I know what bella means. But it’s never been applied to me by anyone besides my parents. With no buffer, no sarcasm, I ask him, “Why?”
He frowns and searches for the words. “Today… come si dice…”
“Earlier?” I offer, taking a guess.
“Si. Earlier. Earlier when I left you, it did not feel good. So I went back to find you. This?” He motions between us. “This feels good. No?”
“Si,” I answer, feeling I’m butchering even that one short syllable, but wanting to respectfully try. “Very good. This feels very good.”
My left hand has been resting on the island and he looks over and picks it up, taking it and weaving his fingers with mine while I watch. “Yes. It’s good.”
He brings me to him with the assuredness of a man who has experience. I let him lead, knowing I know nothing. My lips fall slightly open. His arms go around me and he leans in and presses his mouth to mine. A spattering, sizzling noise tears us apart, our eyes flying to it at the same time. The sauce is going wild, oil spitting out, and crackling like small fireworks. He leaves me quickly to tend to it and I touch my fingers to my lips as I watch. The concentration on his face makes him look more rugged and I love how the muscles of his arms contract and slice against each other as he picks up the wooden spoon and holds the pan high off the burner with a thick towel for protection.
I want him. I know I want him. Knowing this is something I would never normally do, I open my mouth and say exactly what I’m thinking. “I’d like to spend the night.”

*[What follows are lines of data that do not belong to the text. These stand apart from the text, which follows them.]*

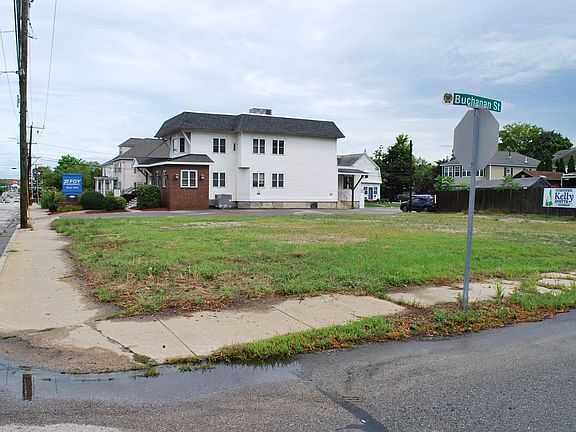 5th image of 352-354 Main Street
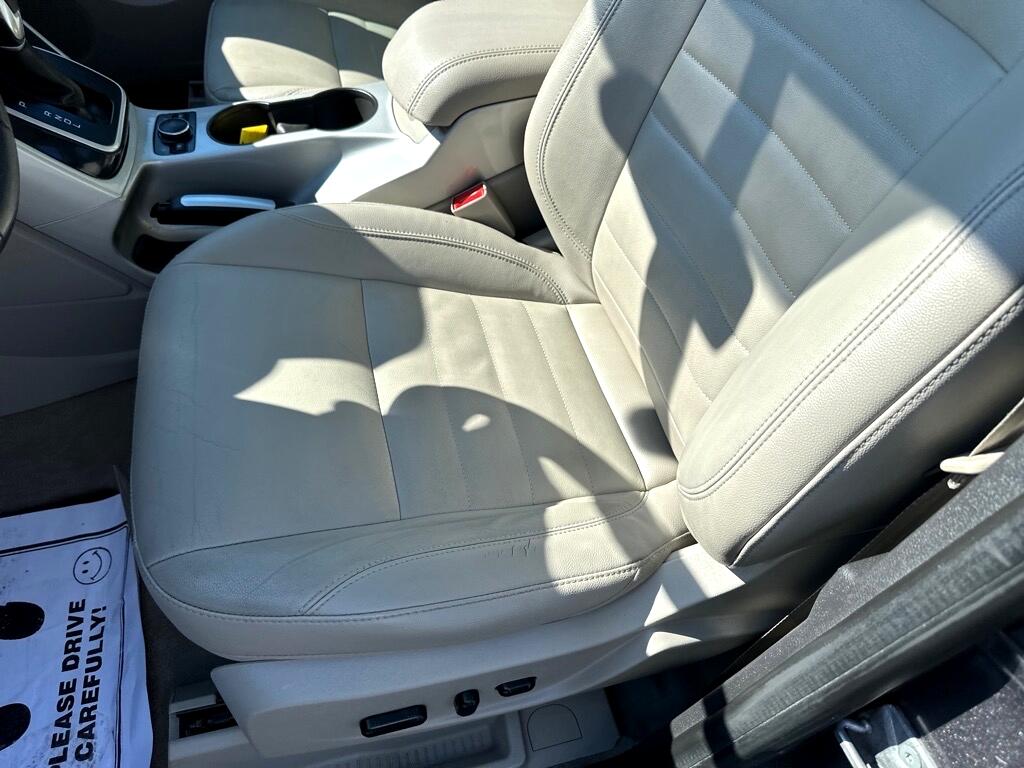 2013 Ford C-Max Hybrid SEL photo 22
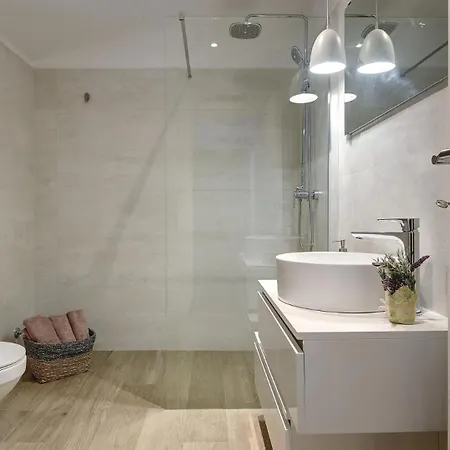 Modern Omnia With Pool And Grill In Pula *
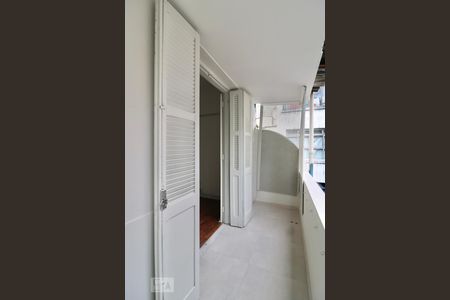 Varanda/Área de Serviço de kitnet/studio à venda com 1 quarto, 32m² em República, São Paulo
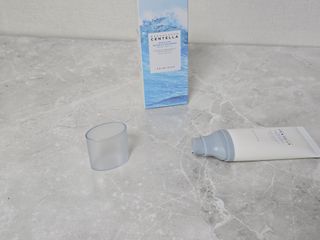 [스킨1004] 마다가스카르 센텔라 히알루-시카 워터핏 선세럼 50ml — 5점을 준 리뷰어가 2024년 5월 올린 사용 사진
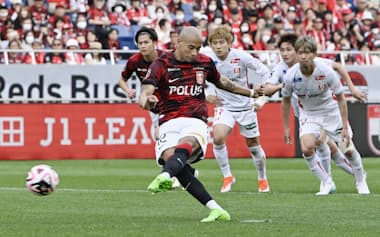 浦和―名古屋の後半、チーム2点目となるPKを決める浦和・チアゴサンタナ（28日、埼玉スタジアム）=共同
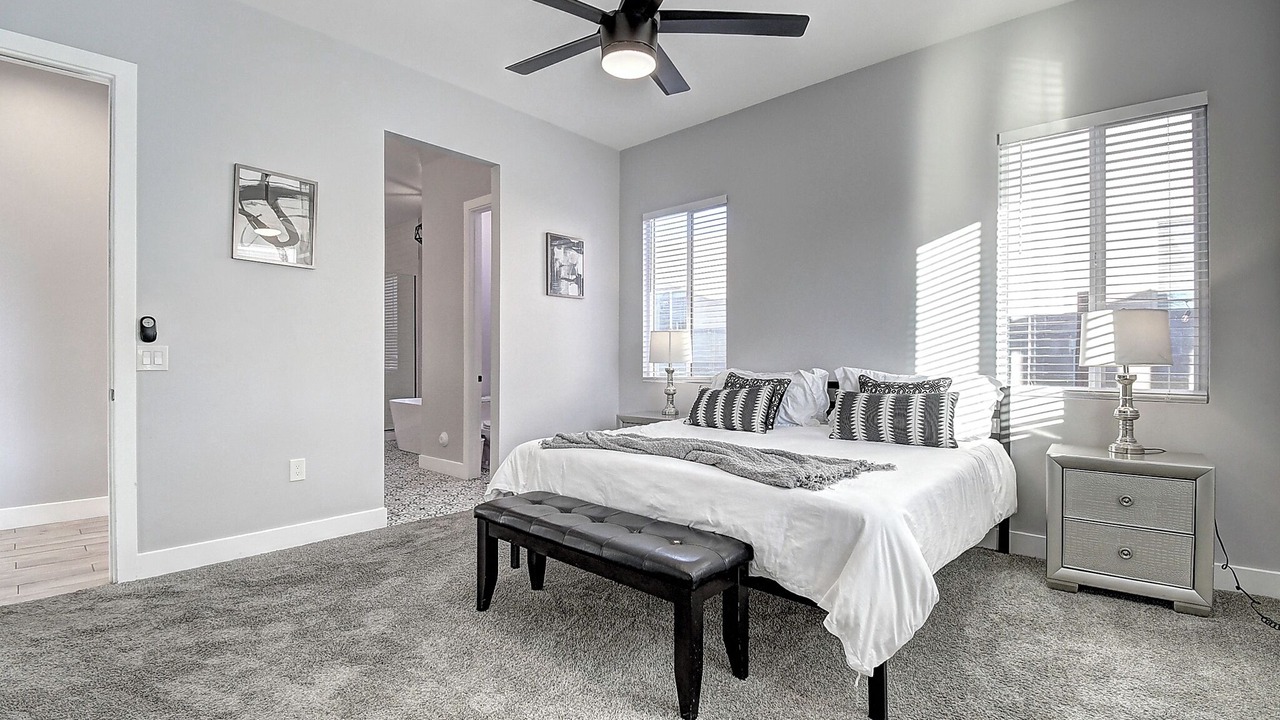 Photo of Bedroom in Paradise Valley Village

Surprised, he looks up, the pan still held in his hand. He blinks and a sexy smile tugs at his lips. “Si.”
That was his only answer. I spent the night, and every night after for four and a half years.
I feel a hand on my cheek. I blink and see Brendan’s worried eyes asking questions his mouth isn’t sure he wants to know. I bring my hand up and cover his, press it into my skin as I struggle hard to keep a tear back. Dammit. If Christiano knew that I’m here with the man I left him for, and that I never told him that… he’d be crushed.
“I can’t do this, Brendan. I’m sorry.” My heart is breaking, but what can I do?